[995]お印(おしるし)

皇室の人が身の回りの物に名前代わりに付けるのが「お印(おしるし)」です。9月6日にお生まれの新宮さまのお名前は「悠仁親王(ひさひとしんのう)」、お印は「高野槇(コウヤマキ)」に決定しました。高野槇は常緑針葉高木で、高さ約30?40メートル、幹の直径は1メートルにもなるという巨木です。

一時期マツ食い虫が発生して日本中の松が枯れ始めるという事態がありましたが、そのときに松の代わりにもてはやされたのが高野槇です。松はよく「門かぶり」に仕立てられますが高野槇も同じような用途で使えるからです。丈夫で品のある高野槇。
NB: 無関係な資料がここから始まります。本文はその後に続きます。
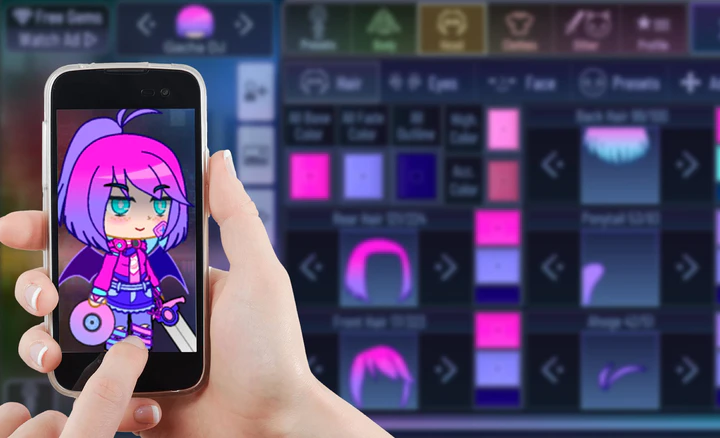 Gacha Club – TIPS APK for Android Download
ご夫妻は「大きく、まっすぐ育ってほしい」との気持ちを表したといいますが、それも納得できます。

このお印、名前の代わりに入れるのですが、たとえば衣服などには「高野槇」とこの字が入ります。絵ではありません。またお印のみで名前を併記することもありません。これには篠沢教授が面白いエピソードをテレビで話していました。
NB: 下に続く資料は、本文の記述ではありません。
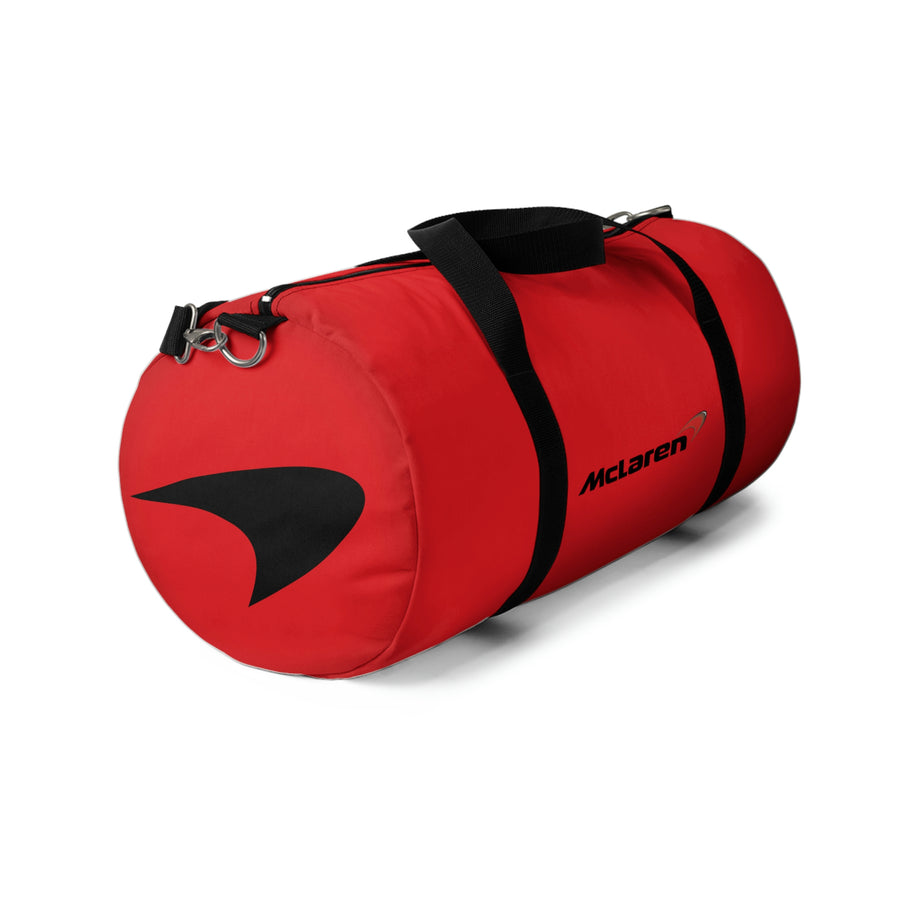 Red Mclaren Duffel Bag™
今の天皇陛下が幼少の頃(皇太子のとき)、戦時中に日光に疎開したそうです。そのときにはすでに日本の敗戦色が濃く、もし負ければ皇太子の命はないものとその部隊は覚悟していたのです。敵が攻めてきたときのためにどうしようと皆で考えて決まったのが影武者をたてよう、つまり皇太子の偽者です。身代わりになる人間は裸になり、皇太子と衣服を取り替えたそうです。そのときに教授が見たものは「榮」の文字。つまりお印が下着を含めすべてのものに書かれていたとか。運よく、敵には見つからず戦争は終結し、皇太子さまは無事でした。そして今、平成の天皇になられたわけです。
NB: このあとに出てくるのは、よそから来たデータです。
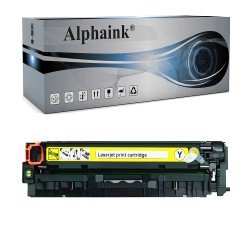 Toner Canon CRG718Y 2659B002 Giallo Rigenerato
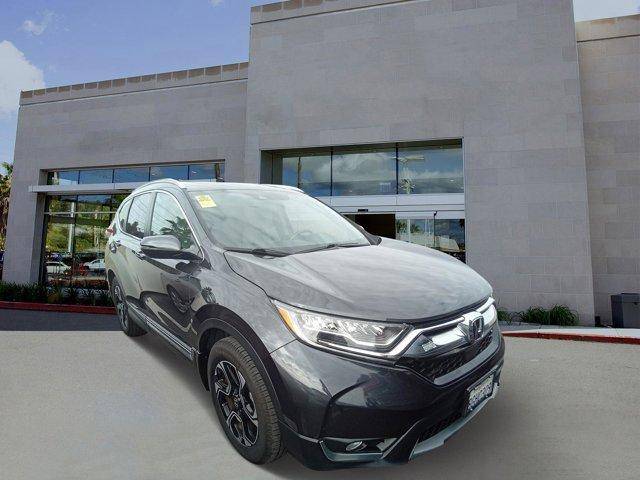 2018 Honda CR-V Touring FWD photo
天皇陛下のお印「榮」とは「桐」のことです。天皇陛下に限らず、皇族の方々のお印は植物が多いようです。ちなみに、現在の皇族の方々のお印は、次の通りになっています。

天皇陛下:榮(えい=桐)
皇后陛下:白樺(しらかば)
皇太子殿下:梓(あずさ)
皇太子妃殿下(雅子さま):ハマナス
皇太子同妃両殿下お子さま(愛子さま):ゴヨウツツジ
秋篠宮文仁親王殿下:栂(つが)
秋篠宮仁親王妃紀子殿下(紀子さま):檜扇菖蒲(ひおうぎあやめ)
秋篠宮文仁親王殿下お子さま(眞子さま):木香茨(もっこうばら)
秋篠宮文仁親王殿下お子さま(佳子さま):ゆうな
清子内親王殿下(清子さま):未草(ひつじぐさ)

清子さまが結婚された際、結婚式の引き出物のお菓子入れ(ボンボニエール)には、黒田家の家紋と清子さまのお印「未草」がデザインされたものです。